Thursday marked 104 years since the Australia New Zealand Army Corps landed at Gallipoli.
But the passing of time, and the fading of that era from living memory, does not mean a lessening of remembrance.
Thousands of Forbes residents turned out to pay tribute at local services, with hundreds marching and many more lining the streets.
Guest speaker and retired serviceman Scott Stephens urged people to use the time carefully.
"In services like this we regularly take pause for a minute's silence, to think seriously about those veterans passed, and individual sacrifices," he said in the mid-morning commemorative address.
"Where do you 'go' in your mind?
"I go to the ceaseless dust, tedious weight of body armour and completely random nature of a rocket attack," he said.
"From the tedium of Coalition reporting and communications to the gut-wrenching ... panic of an international casualty extraction."

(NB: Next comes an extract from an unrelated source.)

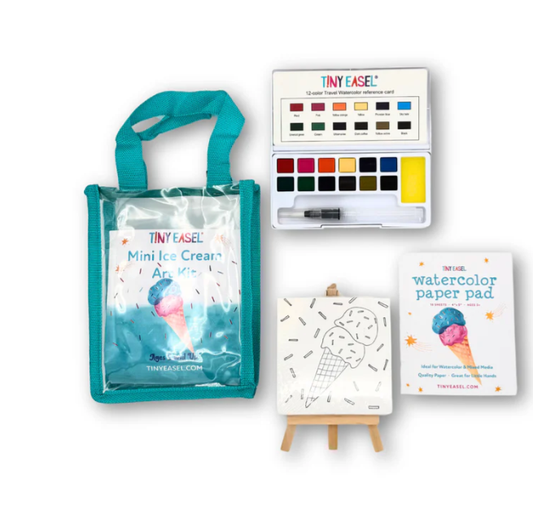 Tiny Easel Art Kit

Those who have served, whether recently or decades ago, may return to the jungles of Papua New Guinea or South East Asia, to oppressive heat, days of bombardment under fire, separation from family and friends.
Each generation of veteran - WWII, Korea, Vietnam, Peacekeepers, East Timor, Iraq, Afghanistan - has unique experiences of radically different zones of conflict, Mr Stephens said.
"Moving forward from the timeframe of the Centenary of ANZAC won't mean a lessening of remembrance," he reflected.
"The effort of holding these events imparts the knowledge and collective memory of these events to a new generation.
"There are a great many things to be remembered, so much so that your minute's silence can't be wasted."
Mr Stephens has been part of events marking the centenary of battles across the Western front in both France and Belgium.
"Standing upon the battlefields of Thiepvale and Polygon Wood gave me an understanding of the ANZAC contributions in those theatres that I would not have had," he said.